Eufy also acknowledges the fact that its web portal feature had a security flaw. They, however, stop short of apologizing for their mistakes. They state that this vulnerability has not been used and no user data has been exposed. They state that they changed how the web portal works. Those who want to view a live stream must log into the web portal first. Finally, they end their post stating that they are “committed to and will continue to work hard to uphold our community’s trust in our products, services, and processes.” The responses to this blog post were mostly negative, and while this was a step in the right direction, the damage has been done. Many people have lost trust in Eufy and it remains to be seen how this controversy will affect the company in the long run. The blog post also leaves many questions unanswered. The Verge brought up these important questions, and we have yet to hear back from the company.

  • Why do your supposedly end-to-end encrypted cameras produce unencrypted streams at all?
  • Under what circumstances is video actually encrypted?
  • Do any other parts of Eufy’s service rely on unencrypted streams, such as Eufy’s desktop web portal? 
  • How long is an unencrypted stream accessible?
  • Are there any Eufy camera models that do *not* transmit unencrypted streams? 
  • Will Eufy completely disable the transmission of unencrypted streams? When? How? If not, why not?
  • If not, will Eufy disclose to its customers that their streams are not actually always end-to-end encrypted? When and where?
  • Has Eufy changed the stream URLs to something more difficult to reverse engineer? If not, will Eufy do so? When?
  • Are unencrypted streams still accessible when cameras use HomeKit Secure Video?
  • Is it true that ”[email protected]” is an actual encryption key? If not, why did that appear in your code labeled as an encryption key and appear in a GitHub repo from 2019?
  • Beyond the thumbnails and the unencrypted streams, are there any other private data or identifying elements that Eufy’s cameras allow access to via the cloud? 
  • Beyond potentially tapping into an unencrypted stream, are there any other things that Eufy’s servers can remotely tell a camera to do?
  • What keeps Eufy and Anker employees from tapping into these streams?
  • Which other specific measures will Eufy take to address its security and reassure customers? 
  • Has Anker retained any independent security firms to conduct an audit of its practices following these disclosures? Which?
  • Will Anker be offering refunds to those customers who bought cameras based on Eufy’s privacy commitment?
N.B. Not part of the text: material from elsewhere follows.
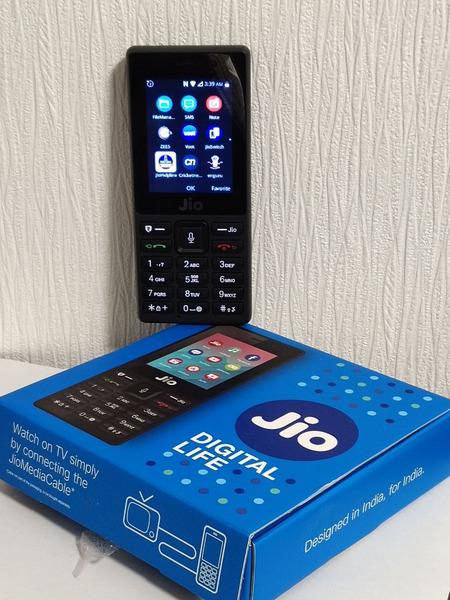  インドで本当に売れている、KaiOS搭載1000円ケータイ「JioPhone」は想像以上に実用的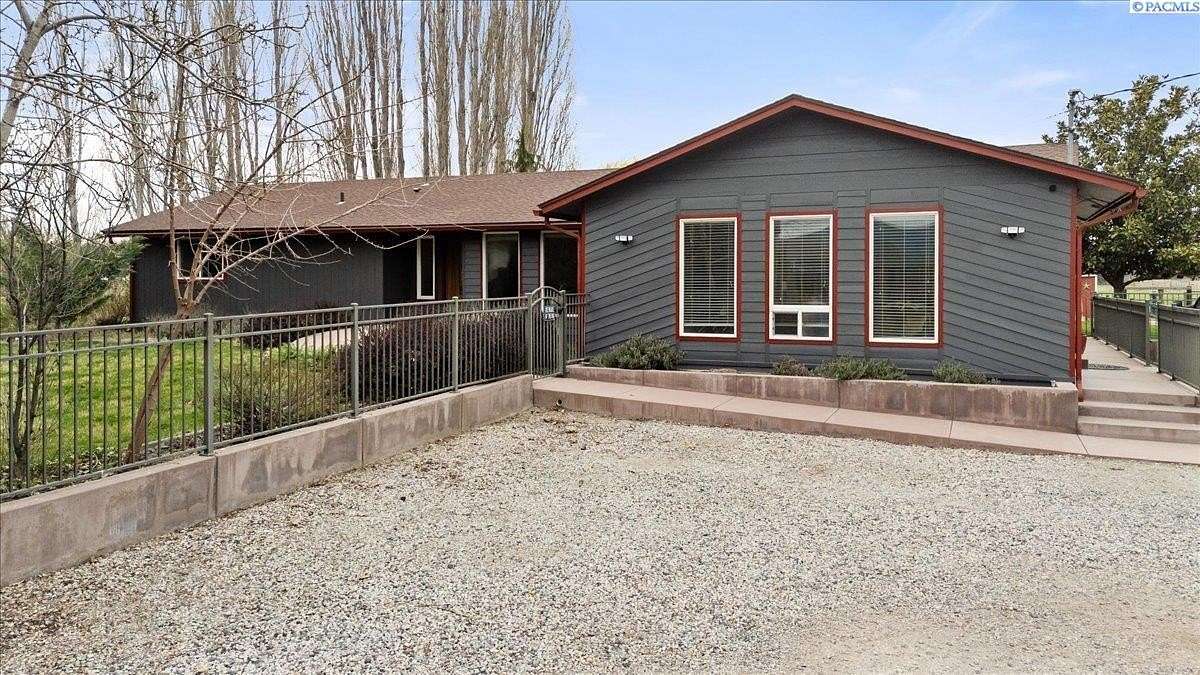 5.64 Acres of Land with Home for Sale in Prosser, Washington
  • Why did Anker tell The Verge that it was not possible to view the unencrypted stream in an app like VLC?
  • Does eufy share video recordings with law enforcement agencies?

We have yet to see how this story will conclude, and how the company will further respond to these questions. An update will be made once these answers are released. For now, stay cautious about what company’s products you buy, since those privacy policies may be inaccurate as was the case with Eufy. This story is not to say that Eufy or security camera companies should be totally avoided, but a word of caution to people who use security cameras.